TO DO
Retype every line from the start of the data down to and including the line with "Image of a rolled-up". Skip the pictures.

AVAILABLE DATA

▶

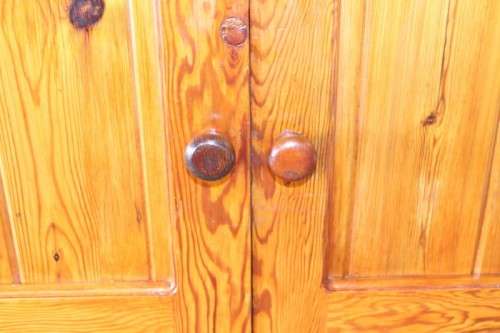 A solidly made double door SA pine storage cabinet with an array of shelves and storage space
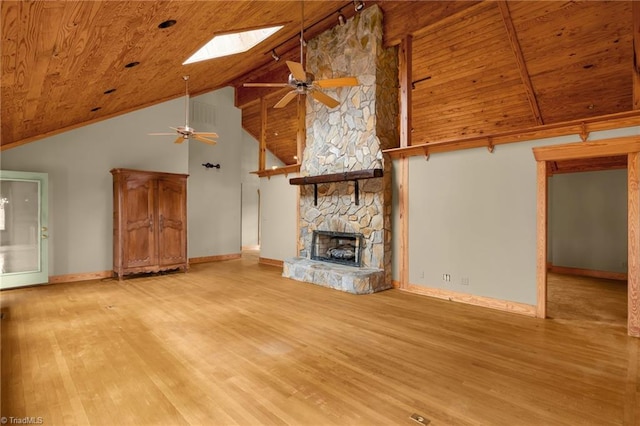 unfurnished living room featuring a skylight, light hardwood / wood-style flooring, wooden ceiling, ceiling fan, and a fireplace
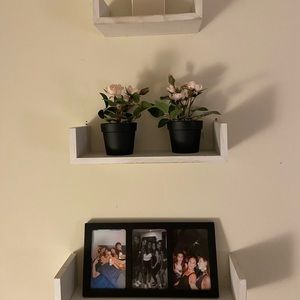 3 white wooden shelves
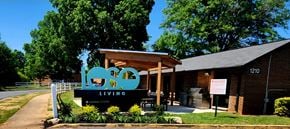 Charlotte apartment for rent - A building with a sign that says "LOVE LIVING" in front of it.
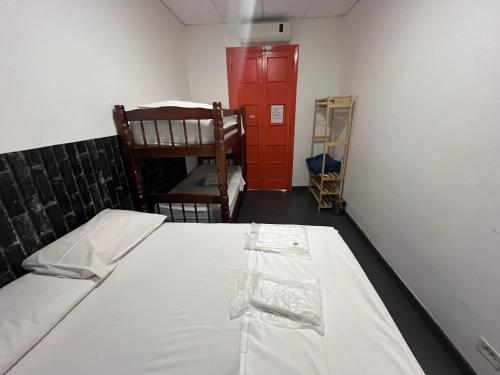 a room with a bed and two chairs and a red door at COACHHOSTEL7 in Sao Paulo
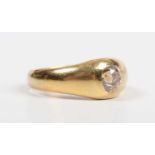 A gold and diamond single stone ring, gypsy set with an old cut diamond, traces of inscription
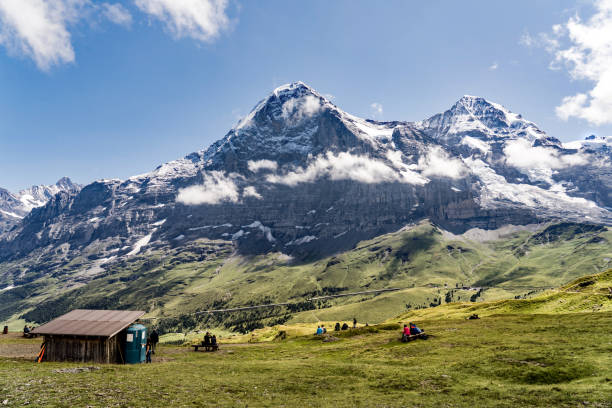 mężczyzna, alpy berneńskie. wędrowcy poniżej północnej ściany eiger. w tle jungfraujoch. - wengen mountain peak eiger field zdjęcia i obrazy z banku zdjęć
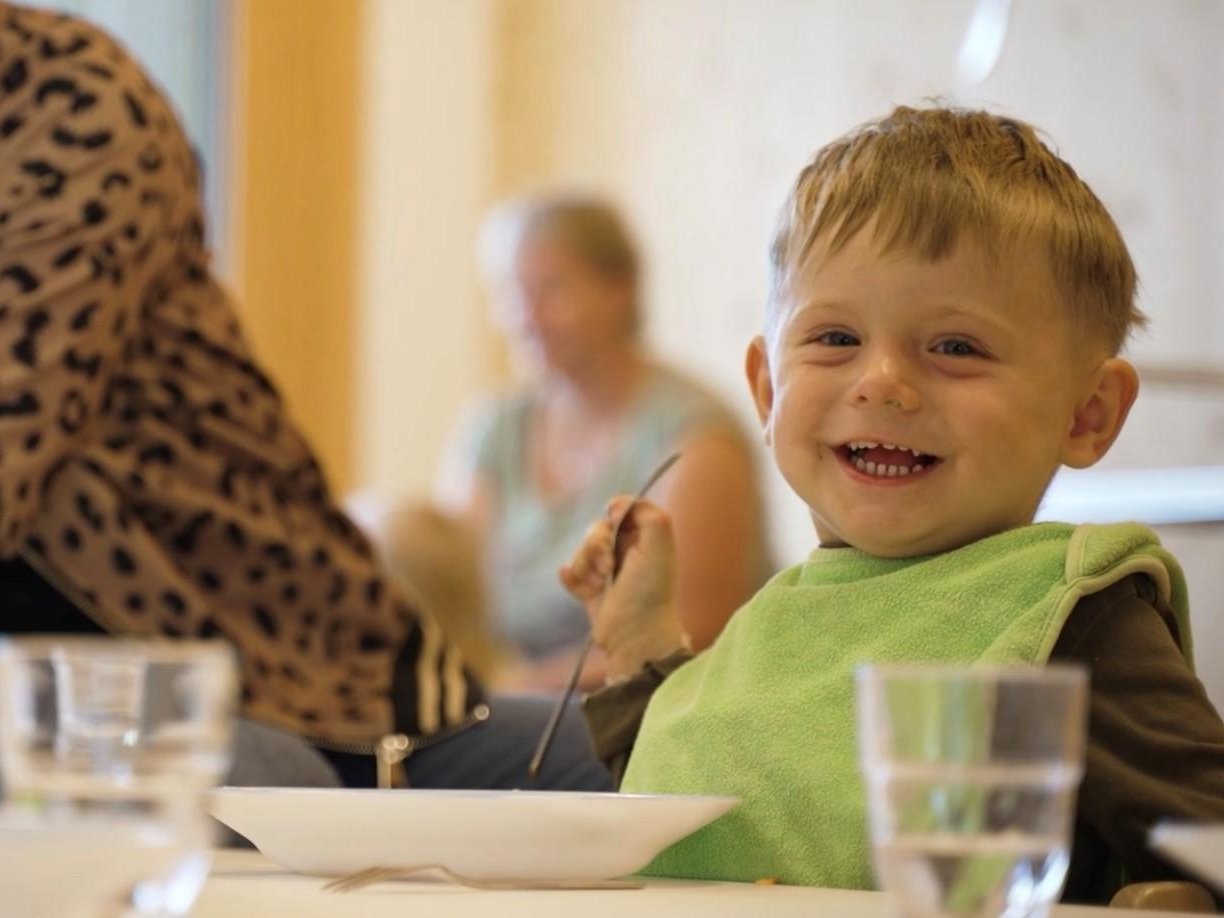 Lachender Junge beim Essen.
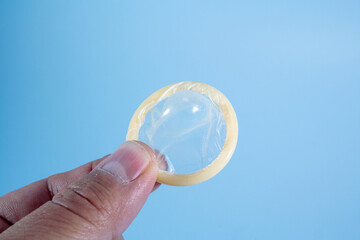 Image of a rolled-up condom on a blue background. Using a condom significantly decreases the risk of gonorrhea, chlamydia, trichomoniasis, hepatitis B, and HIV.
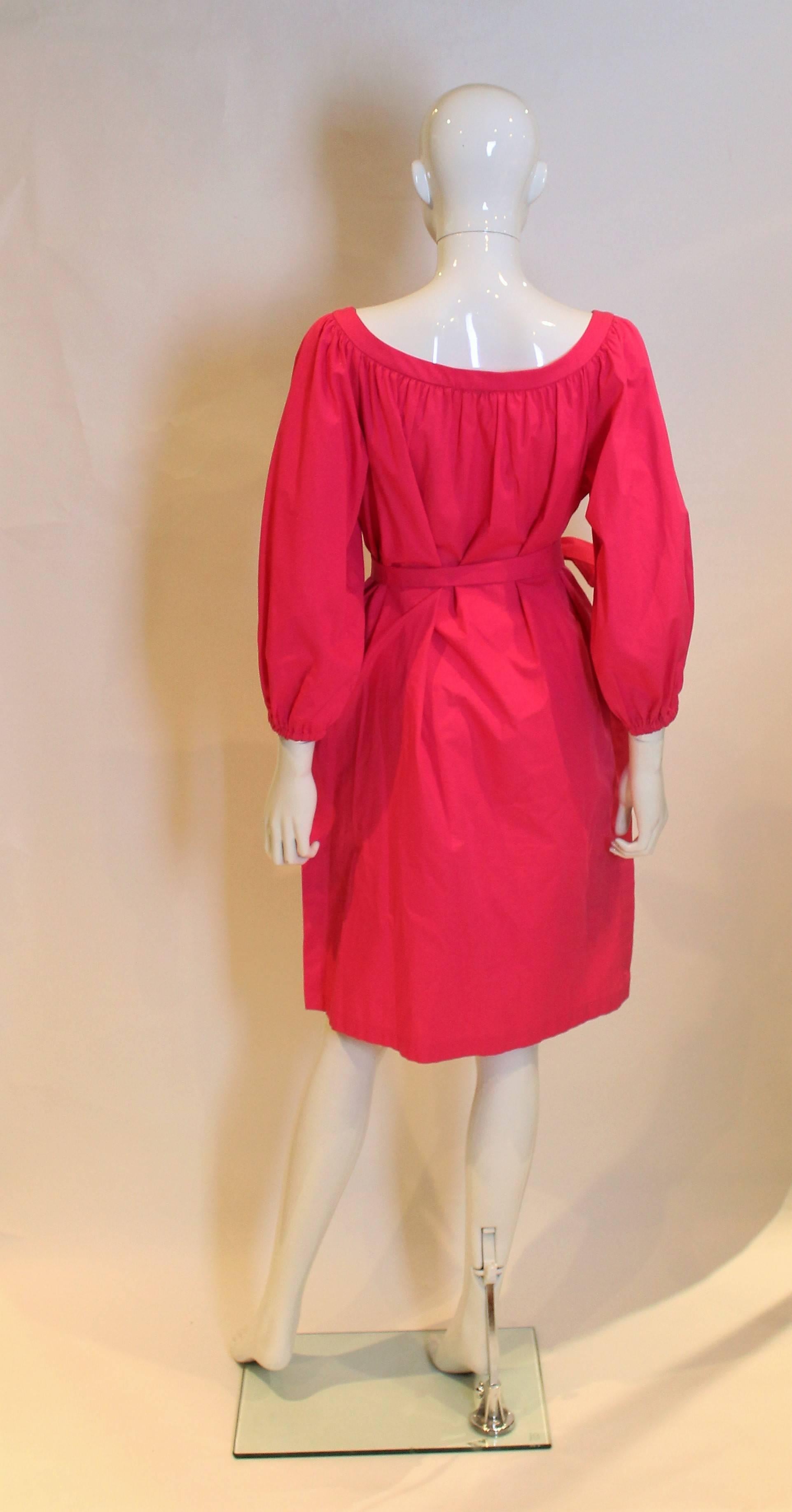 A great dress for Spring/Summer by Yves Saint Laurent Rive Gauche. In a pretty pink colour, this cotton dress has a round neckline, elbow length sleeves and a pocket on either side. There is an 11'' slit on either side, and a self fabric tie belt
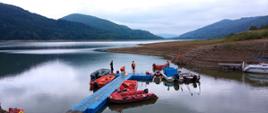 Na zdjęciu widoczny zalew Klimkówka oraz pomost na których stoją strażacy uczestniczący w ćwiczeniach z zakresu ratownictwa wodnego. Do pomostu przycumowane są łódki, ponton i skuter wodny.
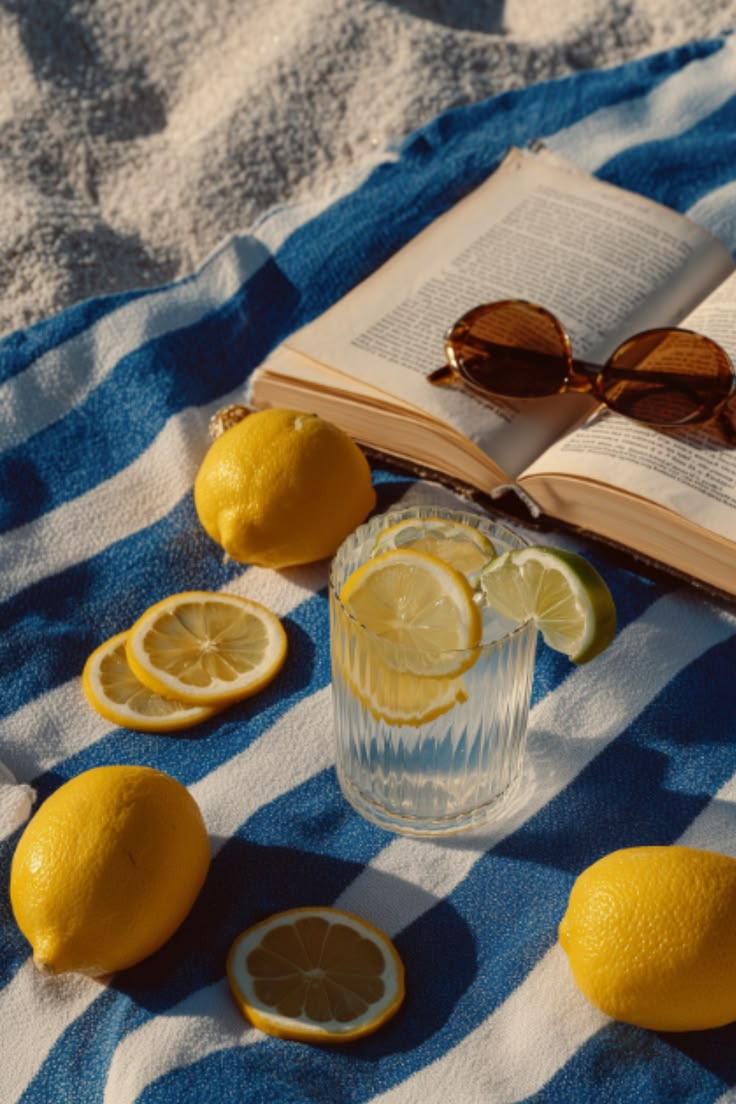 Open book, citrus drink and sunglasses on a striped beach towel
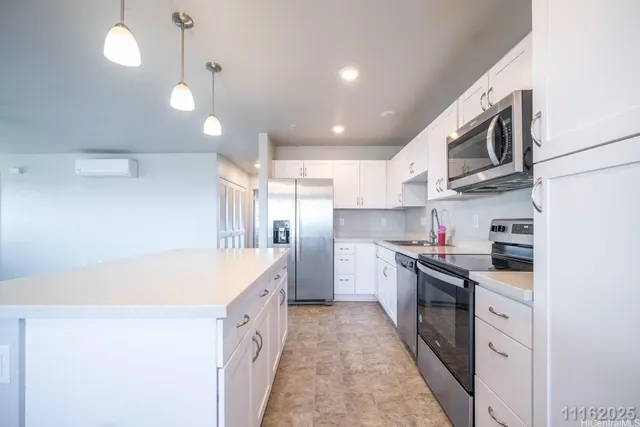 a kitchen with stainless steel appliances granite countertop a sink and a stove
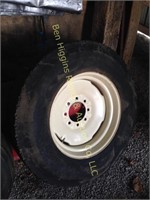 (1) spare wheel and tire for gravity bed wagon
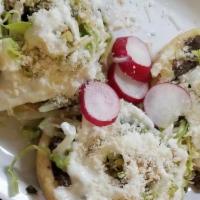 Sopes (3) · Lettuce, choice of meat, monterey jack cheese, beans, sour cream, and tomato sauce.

◀

OUTPUT OF THE EXERCISE
 A solidly made double door SA pine storage cabinet with an array of shelves and storage space
 unfurnished living room featuring a skylight, light hardwood / wood-style flooring, wooden ceiling, ceiling fan, and a fireplace
 3 white wooden shelves
 Charlotte apartment for rent - A building with a sign that says "LOVE LIVING" in front of it.
 a room with a bed and two chairs and a red door at COACHHOSTEL7 in Sao Paulo
 A gold and diamond single stone ring, gypsy set with an old cut diamond, traces of inscription
 mężczyzna, alpy berneńskie. wędrowcy poniżej północnej ściany eiger. w tle jungfraujoch. - wengen mountain peak eiger field zdjęcia i obrazy z banku zdjęć
 Lachender Junge beim Essen.
 Image of a rolled-up condom on a blue background. Using a condom significantly decreases the risk of gonorrhea, chlamydia, trichomoniasis, hepatitis B, and HIV.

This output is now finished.